◆ What the task requires ◆
Your copy must hold all of the data below, unchanged and without images.

◆ The data ◆
▬▬▬

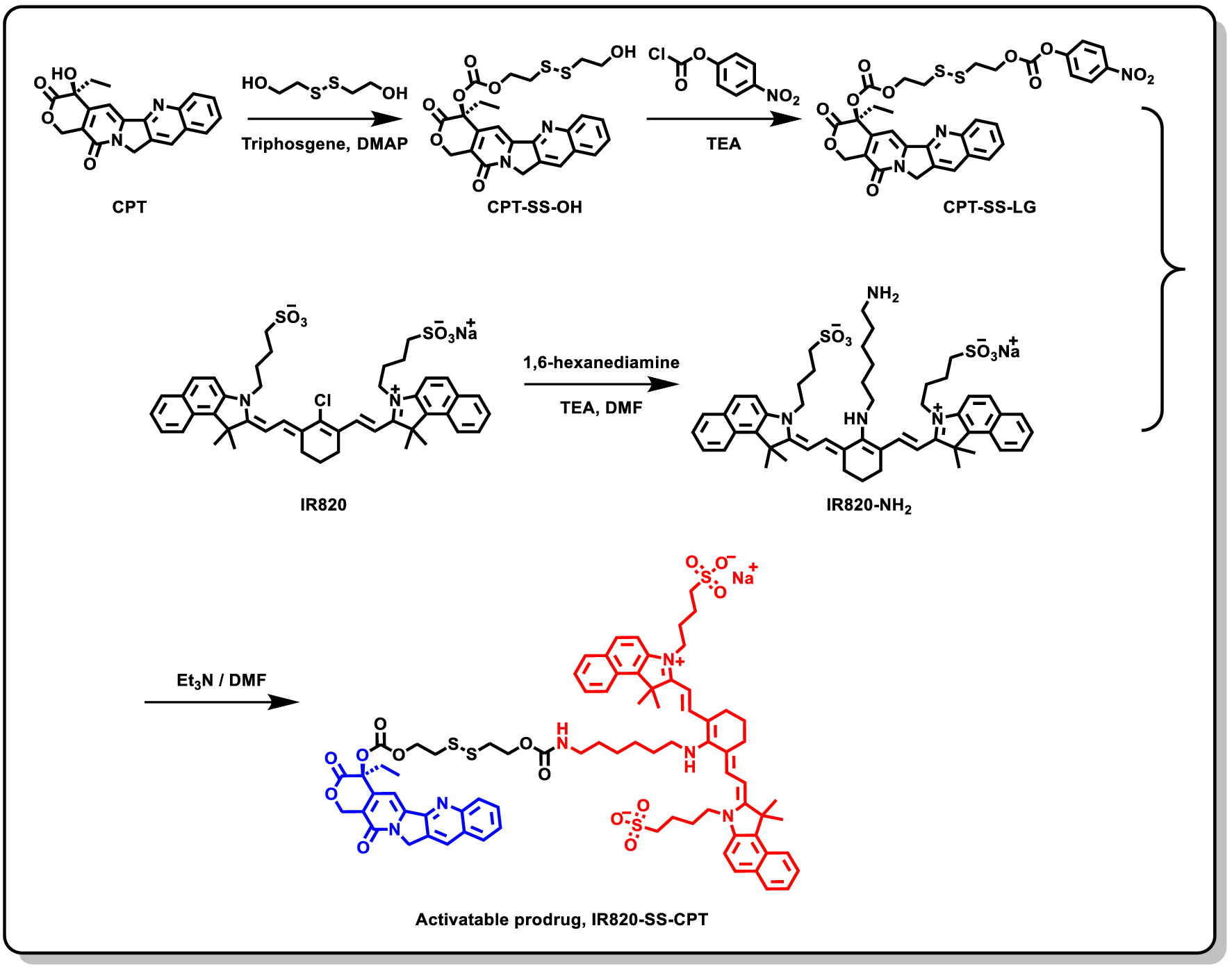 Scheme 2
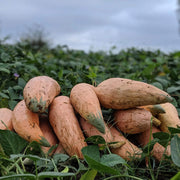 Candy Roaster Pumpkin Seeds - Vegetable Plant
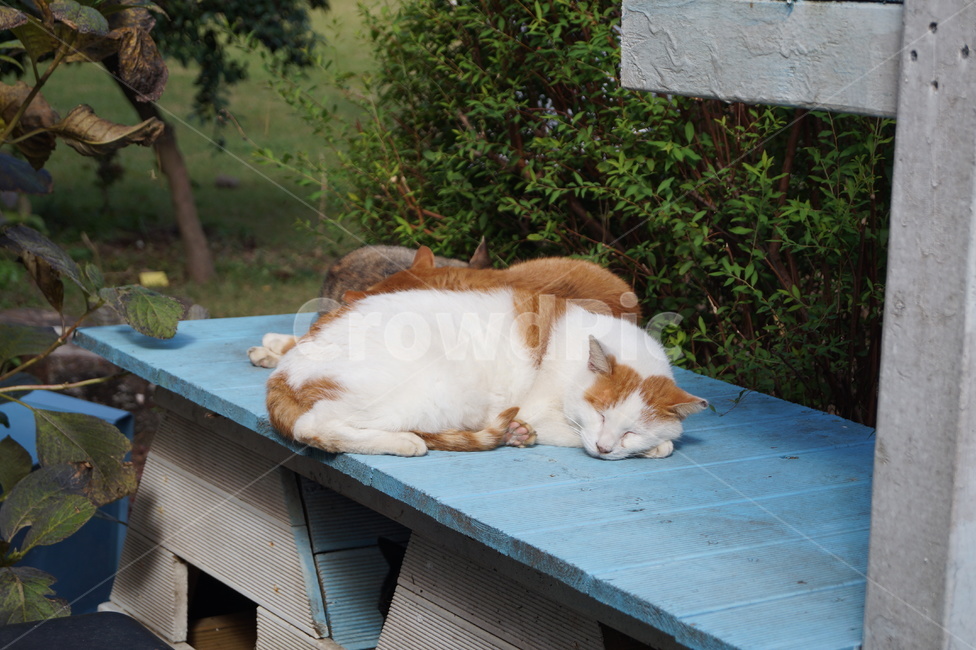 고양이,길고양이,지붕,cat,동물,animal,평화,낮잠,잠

▬▬▬

◆ Result of the task ◆
 Scheme 2
 Candy Roaster Pumpkin Seeds - Vegetable Plant
 고양이,길고양이,지붕,cat,동물,animal,평화,낮잠,잠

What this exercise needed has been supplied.